The respondent moves for a dismissal upon the grounds that he has been denied a speedy trial in violation of his constitutional rights under the Sixth and Fourteenth Amendments of the United States Constitution and CPL article 30 and CPL 170.30 (subd 1, par [e]) and further that this court lacks jurisdiction over the subject matter because of the Suffolk County Probation Department’s failure to comply with subdivision (c) of section 734 of the Family Court Act. That section, entitled "Rules of court for preliminary procedure”, provides in subdivision (c) thereof as follows: "Efforts at adjustment pursuant to rules of court under this section may not extend for a period of more than two months without leave of a judge of the court, who may extend the period for an additional sixty days”. (Emphasis supplied.)
The court file reflects that the respondent was apprehended and placed in custody on October 16, 1976 and released to guardian (parents) on the same day about one hour later.

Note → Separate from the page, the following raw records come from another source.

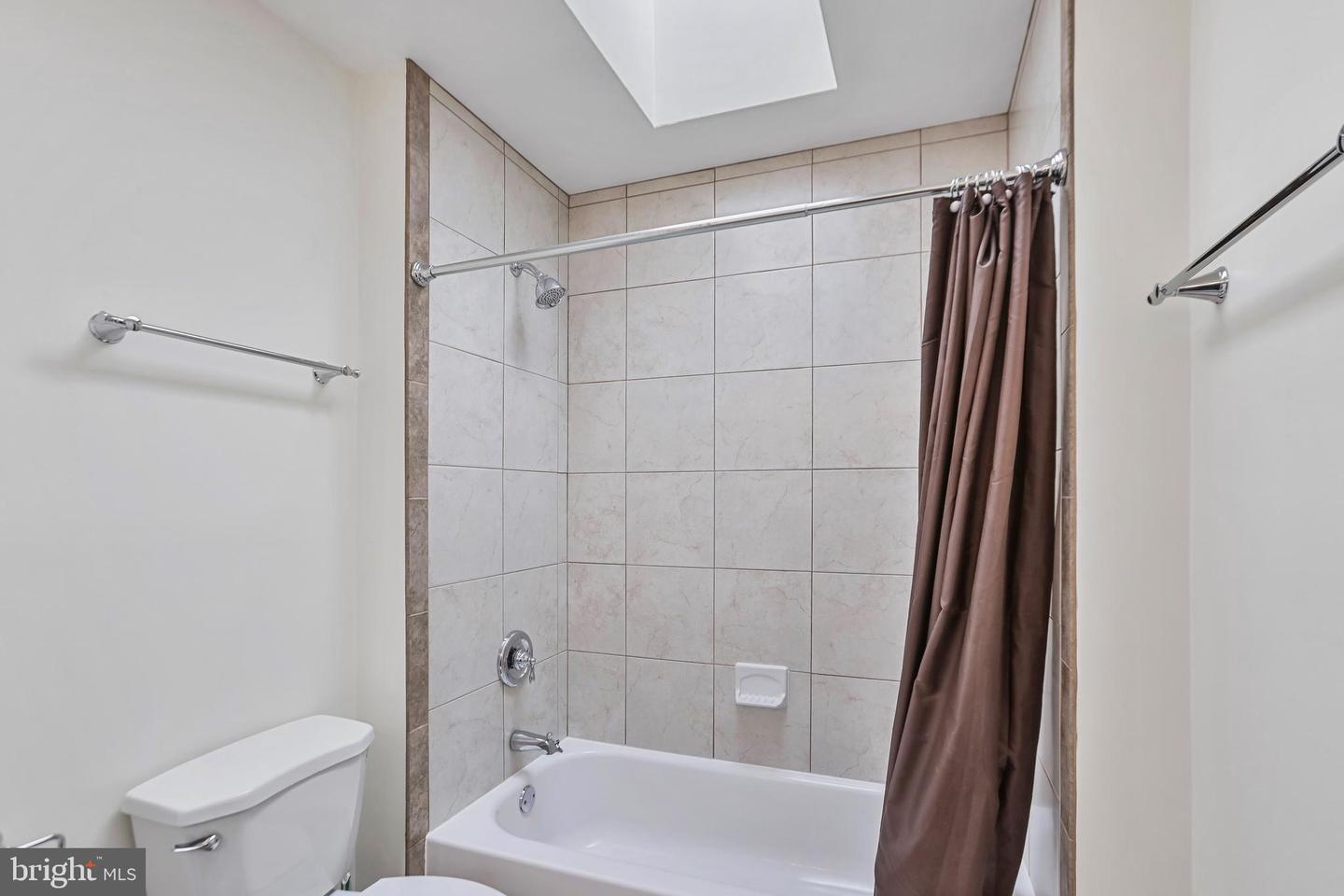 5272 ELLICOTT DR, CENTREVILLE, Virginia 20120, 3 Bedrooms Bedrooms, ,2 BathroomsBathrooms,Residential,For sale,5272 ELLICOTT DR,VAFX2286690 MLS # VAFX2286690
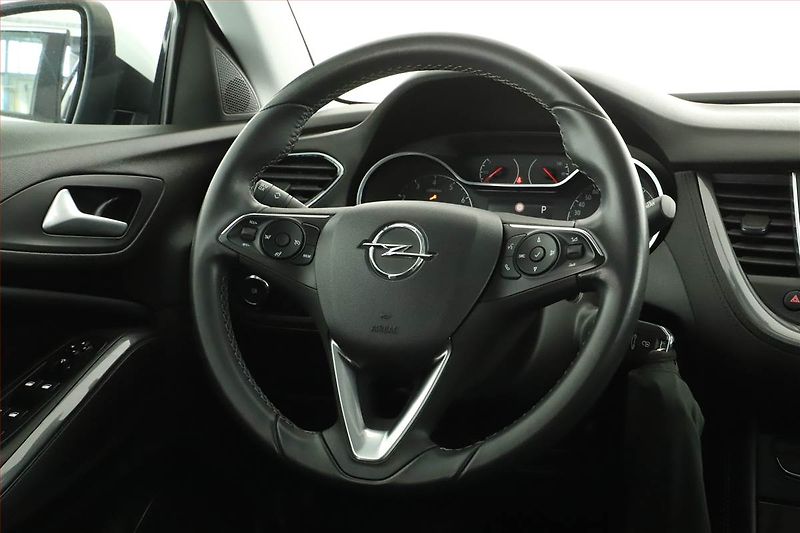 Opel Grandland X (2020) 1.2 Turbo, Automat, Serv.kniha - fotka 8 z 14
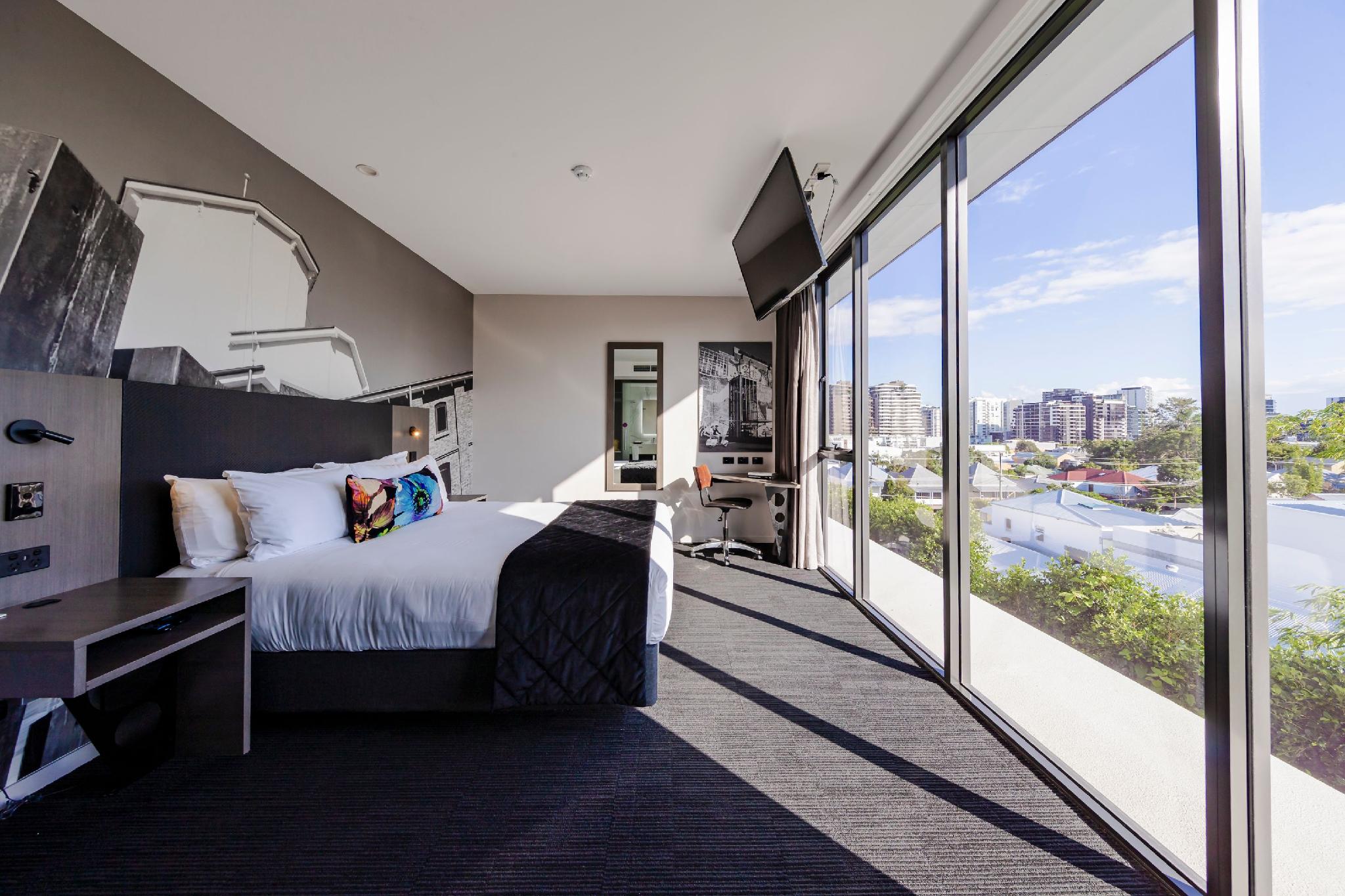 DELUXE, DOUBLE BED, CITY VIEW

The petition herein was sworn to on October 16, 1976. Although it is not clear from the material contained in the file, the respondent’s moving papers allege that the Department of Probation delayed the adjustment procedure substantially in excess of the statutory limit of 60 days. The petition was filed with the court on April 22, 1977. Respondent appeared in court for the first time on May 13, 1977.
Citing Matter of Reba C. (89 Misc 2d 570), the respondent contends that subdivision (c) of section 734 of the Family
This court finds that respondent’s contention is untenable. There is absolutely nothing in the language of section 734 or in any other section of article 7 of the Family Court Act to infer that the intent of the Legislature was to divest the Family Court of jurisdiction over the subject matter whenever a probation department permits the allotted adjustment period under subdivision (c) of section 734 to expire. The legislative history concerning section 734 is minimal. Moreover, a perusal of the applicable Legislative Reports, Legislative Memoranda, Messages of the Governor, or Governor’s Memoranda in the Session Laws of New York State since the adoption of the Family Court Act in 1961 (L 1962, ch 686; L 1975, ch 836, § 3; L 1976, ch 878, § 6) likewise fails to reveal a scintilla of evidence to support the respondent’s position. Thus, there does not appear to be anything in the circumstances surrounding the enactment of section 734 which would indicate that its language does not mean what it clearly seems to say.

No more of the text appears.